Los señalamientos del abogado Nieto Castillo generaron deslindes y revires inmediatos. Federico Berrueto negó cualquier forma de conexión entre contratos signados con empresas particulares y financiamiento de material con intenciones electorales, específicamente de “guerra sucia”.

El Gabinete de Comunicación Estratégica, que suministra estudios en general y, particularmente, encuestas de opinión pública que son reproducidas en medios de comunicación masiva, también se desmarcó. Otra firma, Aleática, señaló de manera tajante que no tuvo nada que ver con ningún documental político.

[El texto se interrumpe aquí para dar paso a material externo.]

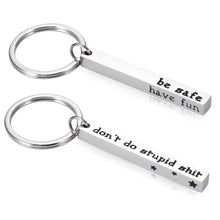 Load image into Gallery viewer, Funny Don't Do Stupid St Keychain Stocking Stuffer Birthday Gifts for Teen Kids Adult Son Daughter from Mom Dad Valentines Day Christmas Graduation New Driver Gift for Him Her Women Men Boys Girls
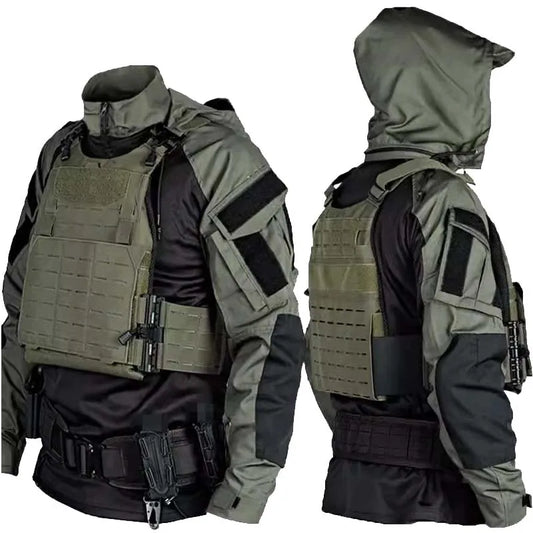 Tactical Shirts Men Long Sleeve Breathable T-shirt Camo Hooded Quick-dry Paintball T-Shirt Tops Wear-resisting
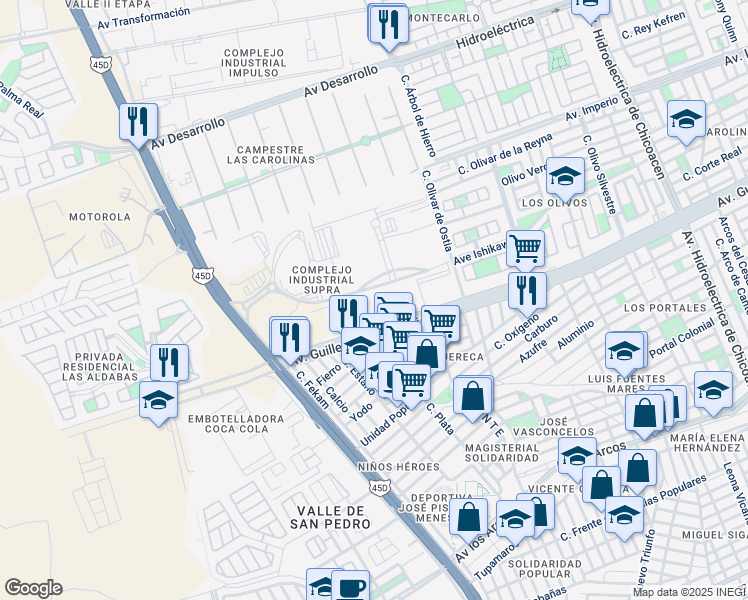 map of restaurants, bars, coffee shops, grocery stores, and more near 1001 Avenida Ishikawa in Chihuahua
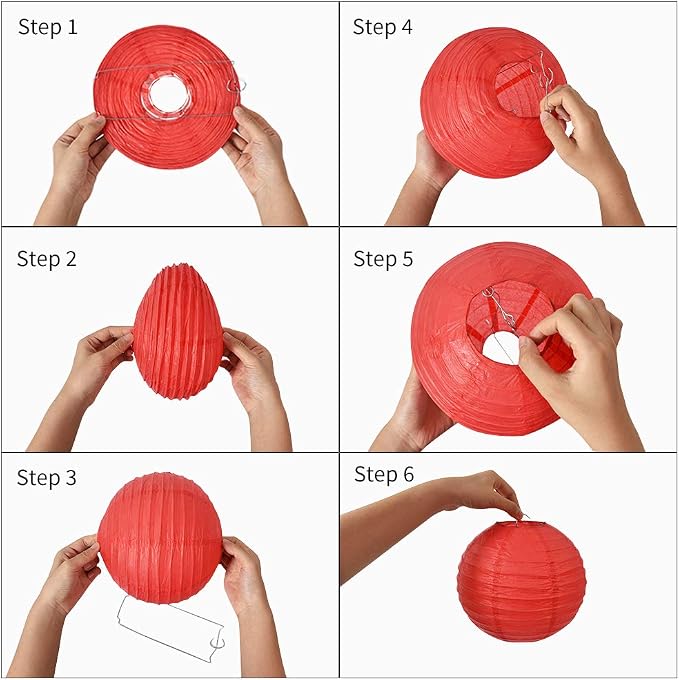 BEISHIDA Blue Gold Paper Lanterns 10Pcs 4/6/8/10/12 Inch Round Chinese Lamp | - Image 3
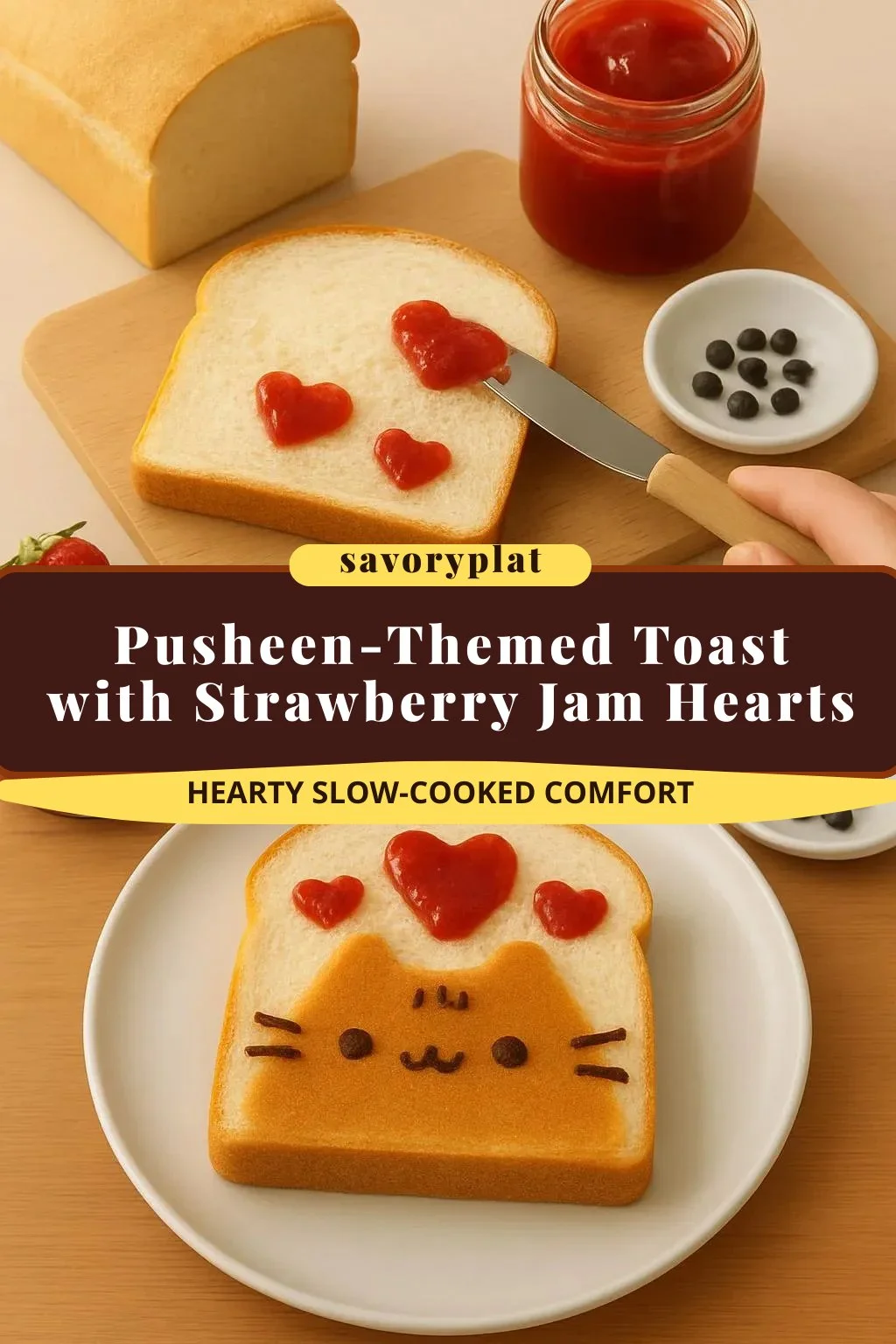 Pusheen-Themed Toast with Strawberry Jam Hearts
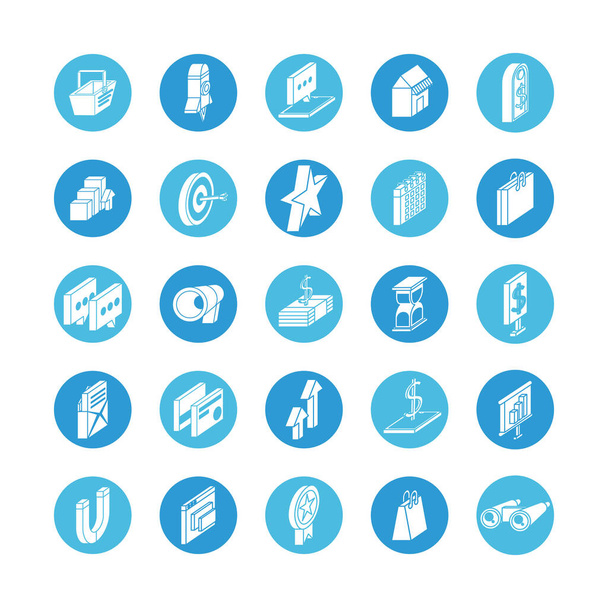paquete de iconos de conjunto de comercialización
 - Vector, imagen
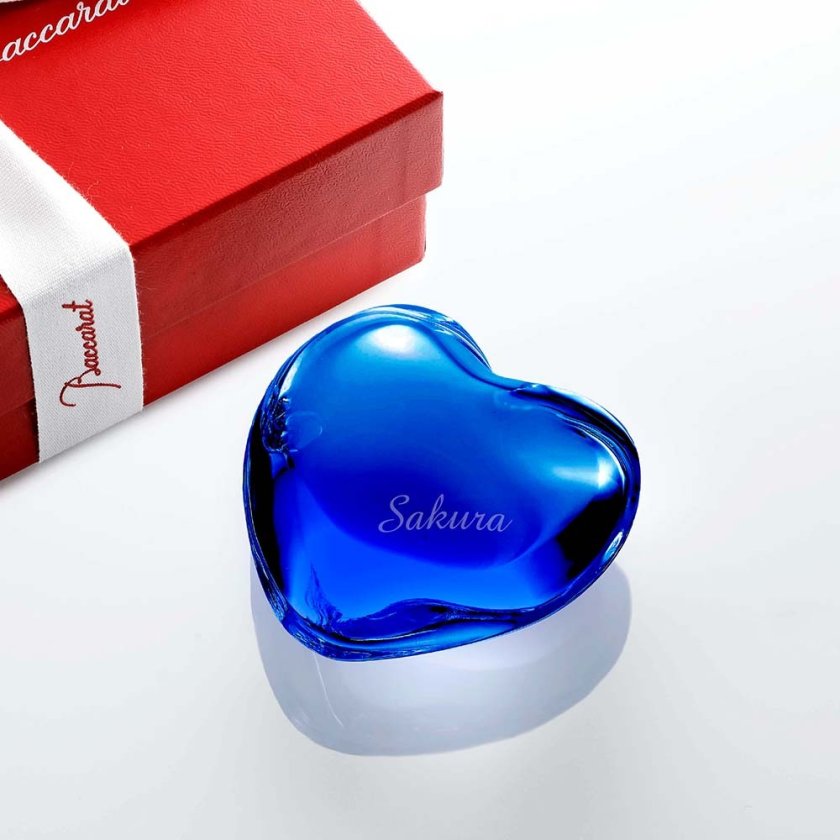 Baccarat バカラ ハート ペーパーウェイト ブルー 名入れ彫刻代込み 名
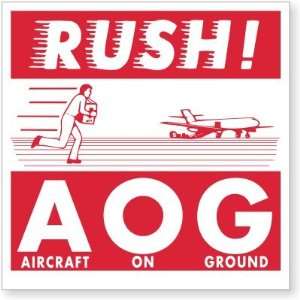  Rush AGO (with plane and courier) Coated Paper Label, 4 x 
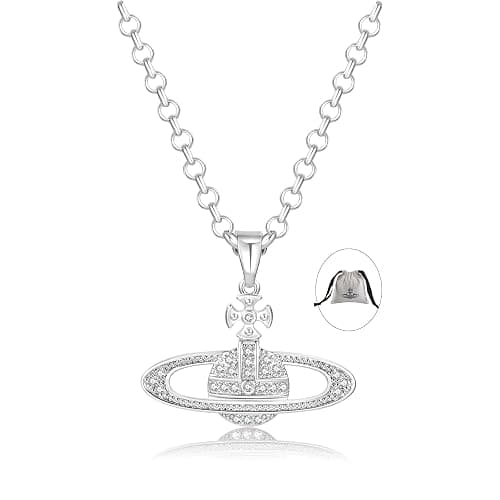 GABWE Saturn Necklace Planet Necklace Crystal Rhinestone Necklace Y2k Aesthetic Pendant Necklace for Women Girls Best Friend Girlfriend Birthday Anniversary Jewelry Gift, silver - Image 1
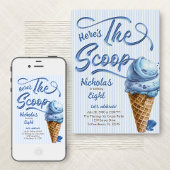 お子様の甘いもの好きにぴったりなアイスクリームパーティー 招待状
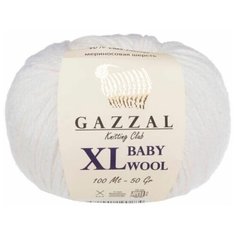 Пряжа Gazzal Baby Wool XL (Беби Вул) - 10 мотков Цвет: Белый (801), 40% мериносовая шерсть, 20% кашемир, 40% акрил, 100м/50г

Pero no fueron los únicos impactos políticos: también se publicó en el diario Eje Central, bajo la firma de Juan Carlos Rodríguez, un reportaje sobre la “Operación Berlín”, referida a un entramado operativo para afectar mediante redes sociales, memes y videos, al propio AMLO en 2018, mencionando como personajes financistas de la trama a Agustín Coppel (Grupo Coppel), Alejandro Ramírez (Cinépolis) y Germán Larrea (Grupo México) y a Enrique Krauze y Fernando García Rodríguez como principales responsables ejecutivos de esa operación.

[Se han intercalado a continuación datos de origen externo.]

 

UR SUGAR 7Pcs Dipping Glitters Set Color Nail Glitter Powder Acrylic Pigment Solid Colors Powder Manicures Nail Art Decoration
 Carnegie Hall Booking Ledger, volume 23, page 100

La coordinadora de la campaña de López Obrador, Tatiana Clouthier, ya había ofrecido datos sobre esa Operación Berlín en su libro de reciente puesta en circulación, titulado “Juntos hicimos historia”. Ahí menciona que el empresario Agustín Coppel inició, a mediados de 2016, el trabajo que buscaría erosionar políticamente a López Obrador.

Contrató al ex diputado panista Jesús Ramón Rojo Mancillas como coordinador y este, a su vez, instaló, a través de la firma Expertaria, “una granja de trolls cibernéticos”, incubó “perfiles apócrifos” y con “cerca de cien empleados, entre publicistas, diseñadores gráficos, editores de video y un nutrido equipo de Community Manager, se encargaban de producir alrededor de veinte guiones diarios que, en cuestión de minutos, se traducían en videos y memes contra el tabasqueño”.

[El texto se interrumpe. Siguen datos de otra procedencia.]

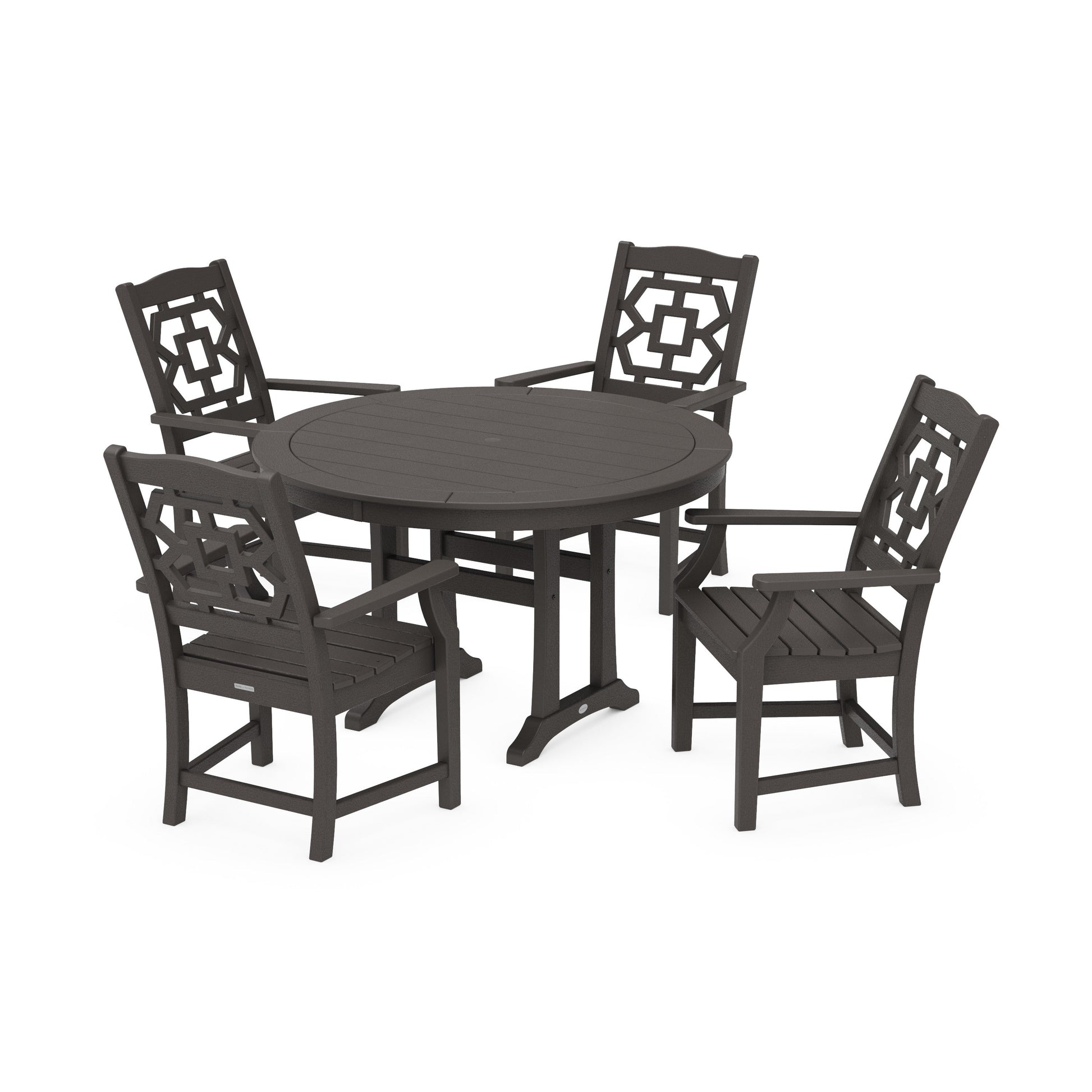POLYWOOD Chinoiserie 5-Piece Round Dining Set with Trestle Legs — Vintage Coffee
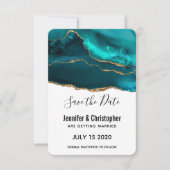 Moderne Aquamarine Gold & White Agate Hochzeit Save The Date (Vorderseite)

Según lo relatado por Clouthier en su libro, “hasta marzo de 2018, el equipo tenía su principal centro de operaciones en Berlín 245, colonia del Carmen, delegación Coyoacán, en la Ciudad de México”.

En la página 173 del texto mencionado, la diputada Clouthier apunta que “se presume que Agustín Coppel se reunió con Enrique Krauze para encargarle que prepararan contenidos intelectuales más refinados. La encomienda le fue asignada a Fernando García Ramírez, columnista de El Financiero y miembro del consejo editorial de Letras Libres, publicación dirigida por Enrique Krauze”.

Otro de los cometidos “que tenía el equipo de Krauze-García Ramírez”, señala Clouthier, era realizar “investigaciones especiales” que luego “eran publicadas, en formato de artículos de opinión, por diferentes columnistas que se presume fueron Fernando García Ramírez, Pablo Hiriart, Julio Madrazo y Ricardo Alemán, siempre caracterizados por su pensamiento antilopezobradorista”.